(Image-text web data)
:::

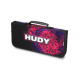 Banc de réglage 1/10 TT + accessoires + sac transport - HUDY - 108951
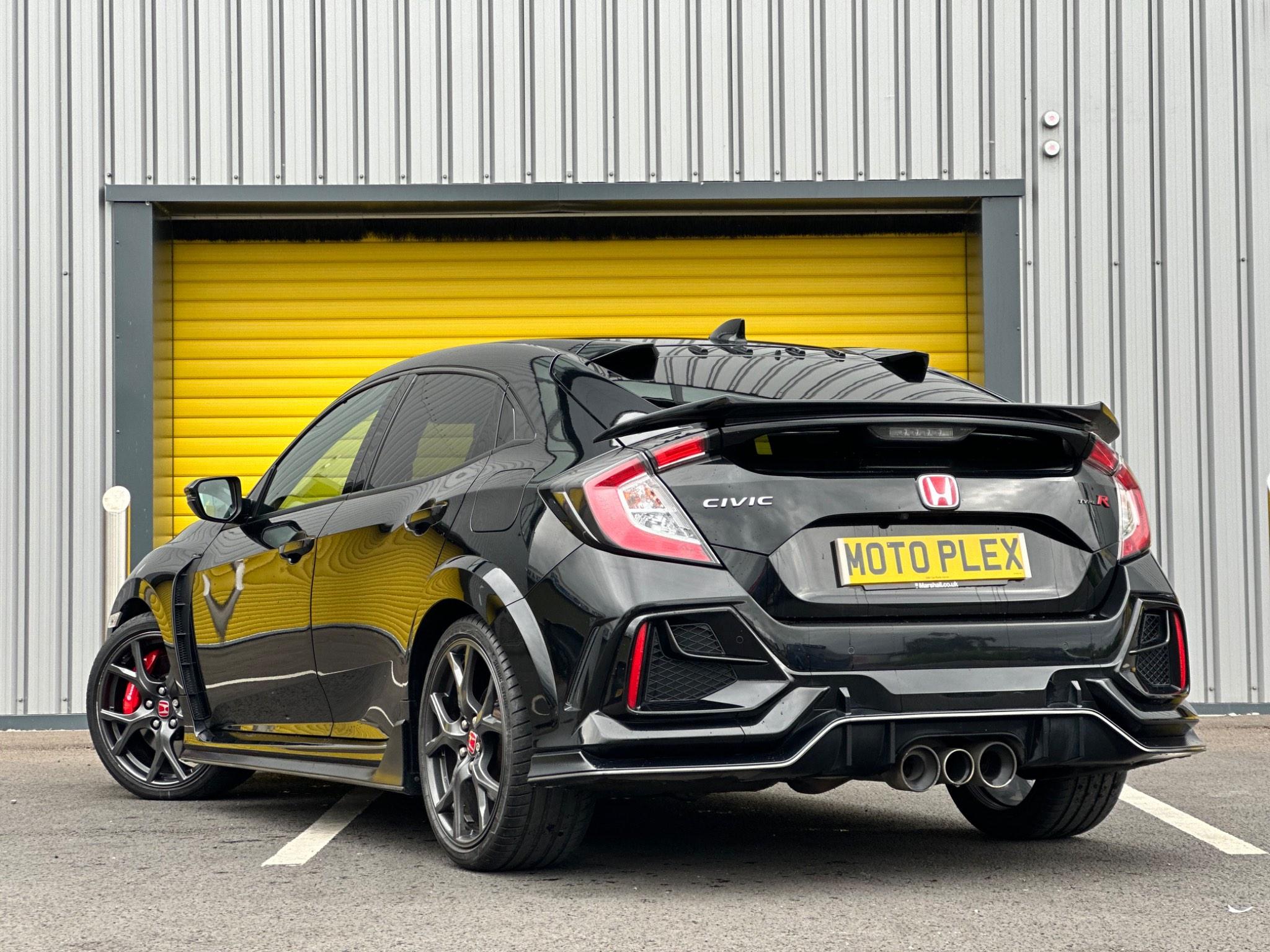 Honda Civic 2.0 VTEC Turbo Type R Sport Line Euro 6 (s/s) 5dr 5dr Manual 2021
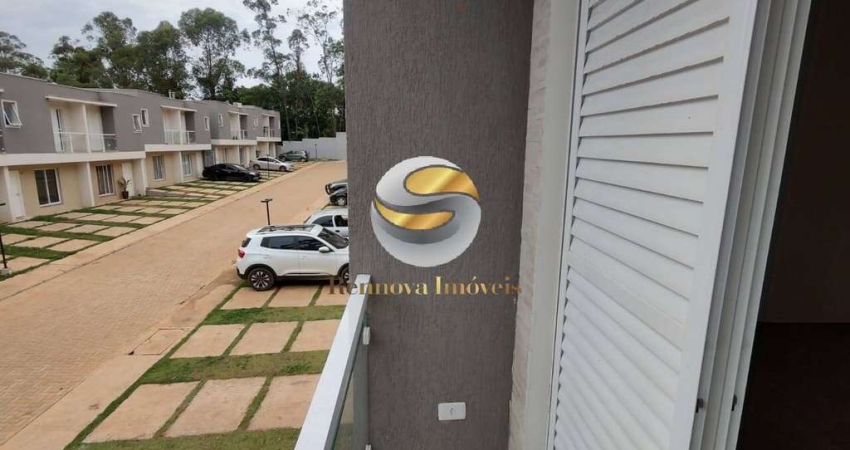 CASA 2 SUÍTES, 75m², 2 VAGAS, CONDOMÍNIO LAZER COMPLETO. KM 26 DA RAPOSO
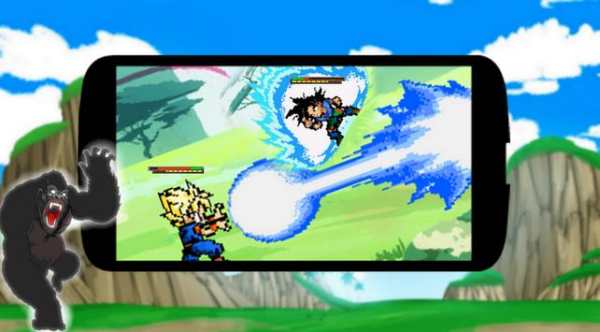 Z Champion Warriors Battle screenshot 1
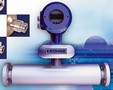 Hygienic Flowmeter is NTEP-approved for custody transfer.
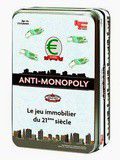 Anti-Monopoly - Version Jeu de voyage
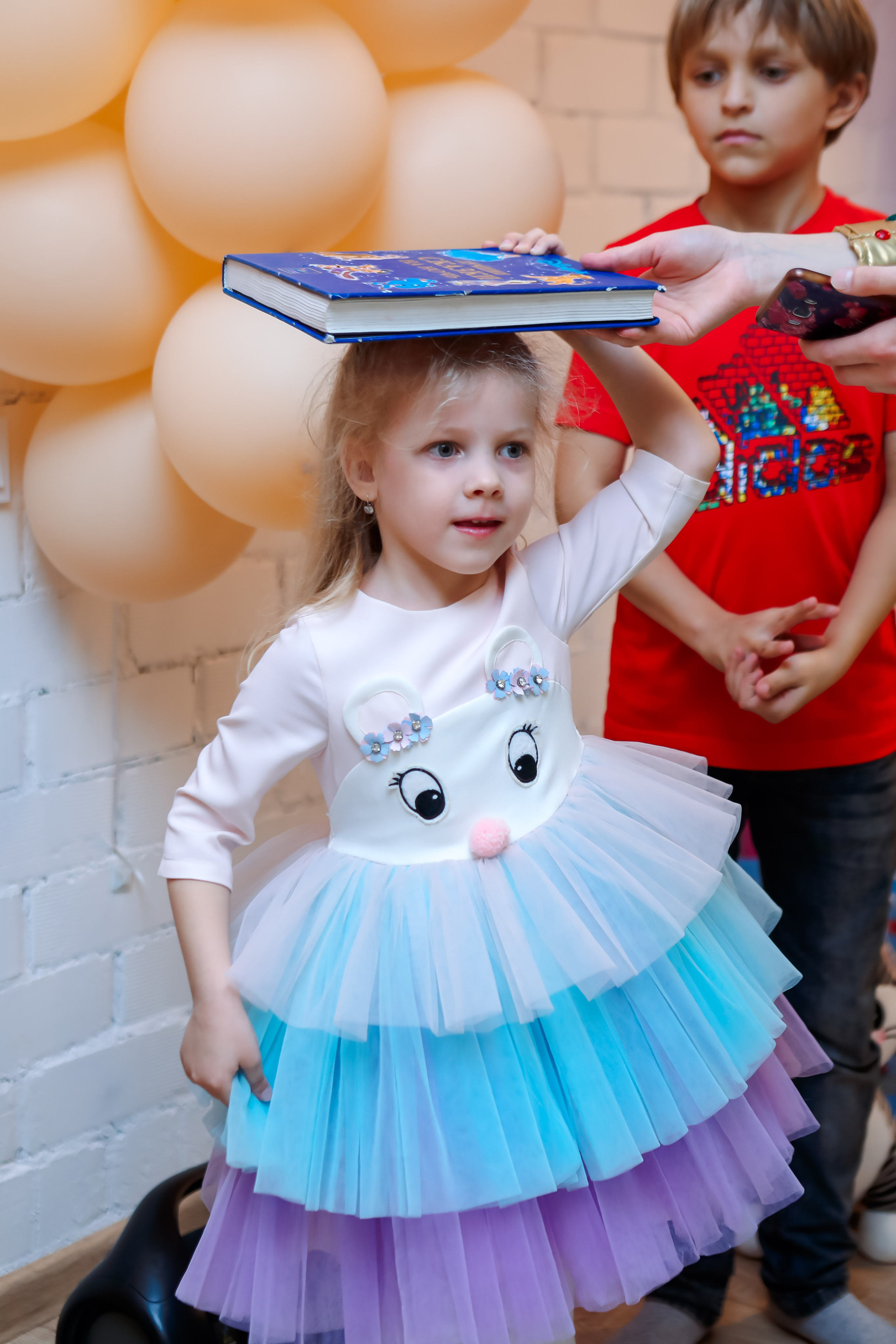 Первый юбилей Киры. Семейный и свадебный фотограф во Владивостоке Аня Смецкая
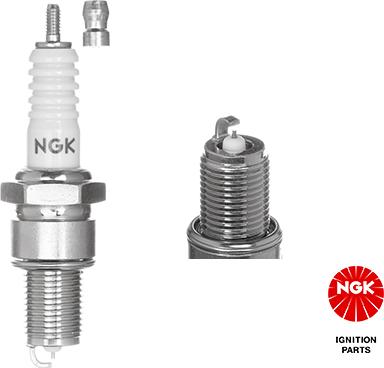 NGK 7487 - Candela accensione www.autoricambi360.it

:::

* [Instructions to follow]
Exactly as written above, print every line of the data but not its pictures.

* [Result below]
 Banc de réglage 1/10 TT + accessoires + sac transport - HUDY - 108951
 Honda Civic 2.0 VTEC Turbo Type R Sport Line Euro 6 (s/s) 5dr 5dr Manual 2021
 CASA 2 SUÍTES, 75m², 2 VAGAS, CONDOMÍNIO LAZER COMPLETO. KM 26 DA RAPOSO
 Z Champion Warriors Battle screenshot 1
 Hygienic Flowmeter is NTEP-approved for custody transfer.
 Anti-Monopoly - Version Jeu de voyage
 Первый юбилей Киры. Семейный и свадебный фотограф во Владивостоке Аня Смецкая
 NGK 7487 - Candela accensione www.autoricambi360.it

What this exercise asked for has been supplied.